After passing the evidence bag to Peabody, Eve crossed over to the barricade. “What’s the problem?”
“Lieutenant, this guy—”
“Darlene! Let me through, goddamn it, I need to see Darlene. The media flash said— Darli!”
“Who are you?”
He stopped fighting long enough to catch his wind, but his eyes remained wild. “I’m Henry Boyle. I’m Darlene Fitzwilliams’s fiancé. Let me through.”
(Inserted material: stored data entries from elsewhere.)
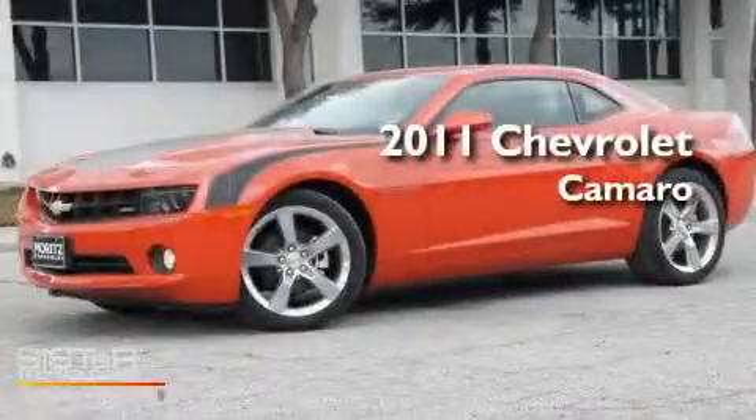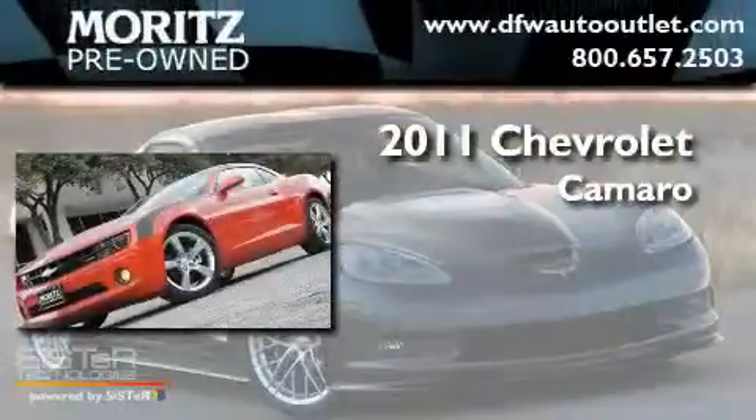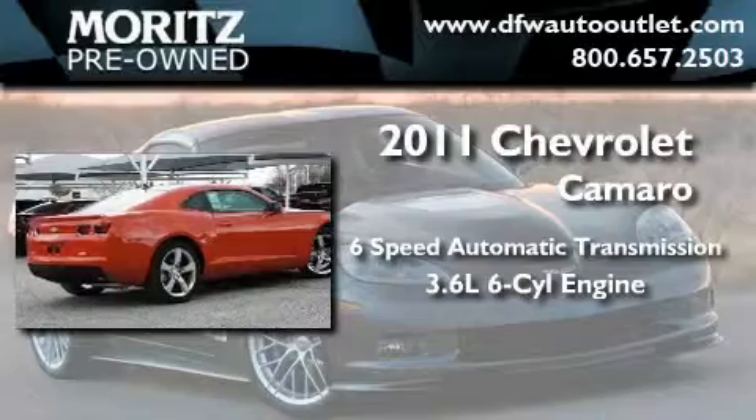This is a brand new 2011 Chevrolet Camaro. This car has a 6-speed automatic transmission and a 3.6 liter V6.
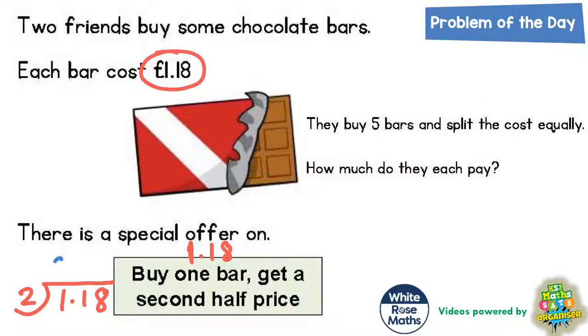2's into 1 won't go, so we carry the 1 over to make 11. 2's into 11 goes 5 times — that's 10 — with 1 left over, which makes 18. 2's into 18 goes 9 times. Put your decimal point in, so it would be £0.59.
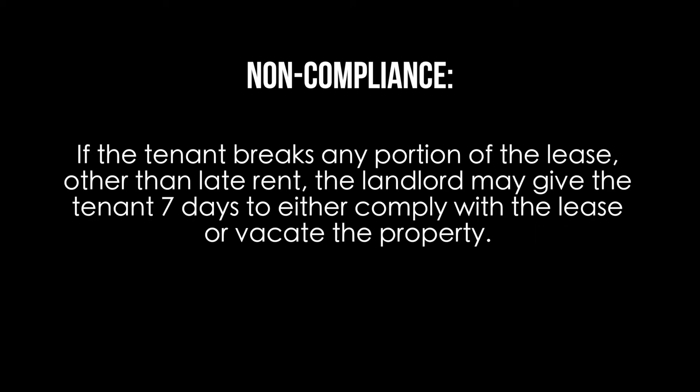Non-compliance. If the tenant breaks any portion of the lease other than late rent, the landlord may give the tenant seven days to either comply with the lease or vacate the property.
“Mr. Boyle, I’m Lieutenant Dallas. You need to calm down and come with me.”
“I want to see Darlene.”
Eve nodded to the uniforms, who let Henry through the barricade.
“I want to know what’s going on. I need to—” He stopped dead, every ounce of color leaching from his face as he saw the body bag being lifted into the back of the dead wagon. “Who is that? What’s happening?”
Eve took a firm grip on his arm, pulled him toward the lobby doors and inside. She took him to the far side, ordered him to sit.
“Go up, get started,” she told Peabody. “I’ll take him. When the sweepers get here, make sure they take that recorder, get it to the lab.”
“Are you sure you want him? He’s going to break.”
“Yeah. I got it.” She dragged over another chair, sat facing Henry Boyle.